Later, in the seventh century, Brahmagupta extended the result to cyclic quadrilaterals, namely to quadrilaterals inscribed in a circle (see for instance [1]), proving that

$$\begin{aligned} A^2=(p-a)(p-b)(p-c)(p-d), \end{aligned}$$
(2)

where abcd are the lenghts of the edges of the quadrilateral.

Several results concerning the geometry of cyclic polygons have been obtained in different areas of research (see [2,3,4, 6, 11]), which points to a general interest in such geometric objects. It is therefore natural to try to further extend to cyclic polygons with a larger number of edges the nice and ancient formulae by Heron and Brahmagupta. Surprisingly, this has proved to be far from simple. In [8, 9] an algebraic formulation of the problem led D.P. Robbins to find symmetric formulae for cyclic pentagons and cyclic hexagons. It was observed that Heron and Brahmagupta’s formulae can be restated in a form where \(16A^2\) represents a monic polynomial whose coefficients are symmetric polynomials in the squares of the edges. This generalizes to cyclic pentagons and hexagons, where polynomials of degree 7 and 38 respectively appear, but the formulae, even if they hold in the non convex case as well, do not provide explicit forms for the area (see also [7] for interesting comments and remarks). Symmetric formulae of the same kind have been conjectured [8], and later proved [5], even for heptagons and octagons, also illuminating some mysterious features of Robbin’s results for the areas of cyclic pentagons and hexagons (see also [10] for further details on Robbin’s conjectures).
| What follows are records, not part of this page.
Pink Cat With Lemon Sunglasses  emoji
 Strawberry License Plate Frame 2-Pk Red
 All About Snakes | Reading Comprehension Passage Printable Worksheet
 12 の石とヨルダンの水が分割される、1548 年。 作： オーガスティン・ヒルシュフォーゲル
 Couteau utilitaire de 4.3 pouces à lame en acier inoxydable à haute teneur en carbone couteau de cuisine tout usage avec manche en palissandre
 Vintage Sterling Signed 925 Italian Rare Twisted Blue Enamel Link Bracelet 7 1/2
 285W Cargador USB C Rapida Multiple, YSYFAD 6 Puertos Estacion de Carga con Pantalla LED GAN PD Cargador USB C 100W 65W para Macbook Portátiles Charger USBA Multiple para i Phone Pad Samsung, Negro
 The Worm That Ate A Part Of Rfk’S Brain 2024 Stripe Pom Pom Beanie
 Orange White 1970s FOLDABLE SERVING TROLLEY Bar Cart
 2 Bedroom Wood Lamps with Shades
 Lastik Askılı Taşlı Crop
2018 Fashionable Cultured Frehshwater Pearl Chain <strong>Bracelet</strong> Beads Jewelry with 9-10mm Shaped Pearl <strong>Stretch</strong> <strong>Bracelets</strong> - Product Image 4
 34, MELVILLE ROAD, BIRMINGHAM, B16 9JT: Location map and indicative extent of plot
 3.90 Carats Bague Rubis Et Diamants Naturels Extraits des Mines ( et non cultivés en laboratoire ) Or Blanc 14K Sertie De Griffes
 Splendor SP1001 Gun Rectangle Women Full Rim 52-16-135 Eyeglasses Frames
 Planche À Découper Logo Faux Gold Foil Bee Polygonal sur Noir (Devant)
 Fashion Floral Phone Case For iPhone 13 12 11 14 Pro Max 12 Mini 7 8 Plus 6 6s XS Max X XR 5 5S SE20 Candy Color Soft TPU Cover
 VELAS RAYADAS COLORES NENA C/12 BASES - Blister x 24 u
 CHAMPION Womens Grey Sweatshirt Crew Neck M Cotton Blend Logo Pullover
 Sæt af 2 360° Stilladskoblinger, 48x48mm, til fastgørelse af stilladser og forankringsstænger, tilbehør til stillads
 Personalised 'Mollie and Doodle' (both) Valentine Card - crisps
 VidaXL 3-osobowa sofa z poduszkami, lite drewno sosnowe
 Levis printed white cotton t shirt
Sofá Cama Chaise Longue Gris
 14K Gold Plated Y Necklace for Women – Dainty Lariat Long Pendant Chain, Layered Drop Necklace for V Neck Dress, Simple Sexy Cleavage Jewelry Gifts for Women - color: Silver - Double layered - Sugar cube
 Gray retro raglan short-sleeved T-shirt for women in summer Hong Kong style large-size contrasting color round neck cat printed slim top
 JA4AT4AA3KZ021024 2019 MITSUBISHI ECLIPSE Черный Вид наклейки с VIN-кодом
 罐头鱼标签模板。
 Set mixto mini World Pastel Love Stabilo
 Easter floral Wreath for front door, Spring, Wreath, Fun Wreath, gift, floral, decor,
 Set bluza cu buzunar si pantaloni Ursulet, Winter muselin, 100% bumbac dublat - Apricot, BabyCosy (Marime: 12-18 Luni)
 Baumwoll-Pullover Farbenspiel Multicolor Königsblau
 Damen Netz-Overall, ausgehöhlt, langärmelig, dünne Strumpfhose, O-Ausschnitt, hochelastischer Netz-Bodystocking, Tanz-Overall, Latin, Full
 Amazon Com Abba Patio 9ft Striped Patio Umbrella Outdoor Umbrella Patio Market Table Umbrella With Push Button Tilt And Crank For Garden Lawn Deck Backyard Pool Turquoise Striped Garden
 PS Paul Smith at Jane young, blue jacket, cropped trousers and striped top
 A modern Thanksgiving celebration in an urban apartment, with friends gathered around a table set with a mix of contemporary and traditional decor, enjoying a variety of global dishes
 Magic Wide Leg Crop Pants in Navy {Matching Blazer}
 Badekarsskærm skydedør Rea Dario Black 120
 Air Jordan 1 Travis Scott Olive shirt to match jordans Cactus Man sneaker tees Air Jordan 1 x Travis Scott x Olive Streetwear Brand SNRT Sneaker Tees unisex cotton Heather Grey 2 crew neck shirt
The resulting formulae are interesting, but very complex and only hold for cyclic polygons having very few edges, so these do not seem to provide a general picture that could be easily generalized to polygons with an arbitrarily large number of edges.

Moving from the above remarks, we propose here a different approach, based on the idea that the role of the edges in the simple geometric cases of Heron and Brahmagupta’s equalities in fact hides the real players of the game. After giving in Sect. 2 the main notations and preliminaries, in Sects. 3 and 4 we show that the classical results for triangles and cyclic quadrilaterals can be rediscovered by using the lengths of the segments determined on the edges by the tangent points of suitable incircles, and arise from a simple symmetric formula concerning the area of a right triangle. As a consequence, the leitmotif of our paper is that instead of looking for the area as a symmetric function of the edges, the original problem should be tackled by means of segments cut on the edges by the incircles of the triangles of a triangulation of the cyclic polygon. Indeed, in Sect. 5, we prove a symmetric coordinate free equality that holds true for any cyclic polygon, and includes Heron’s and Brahmagupta’s results as special cases.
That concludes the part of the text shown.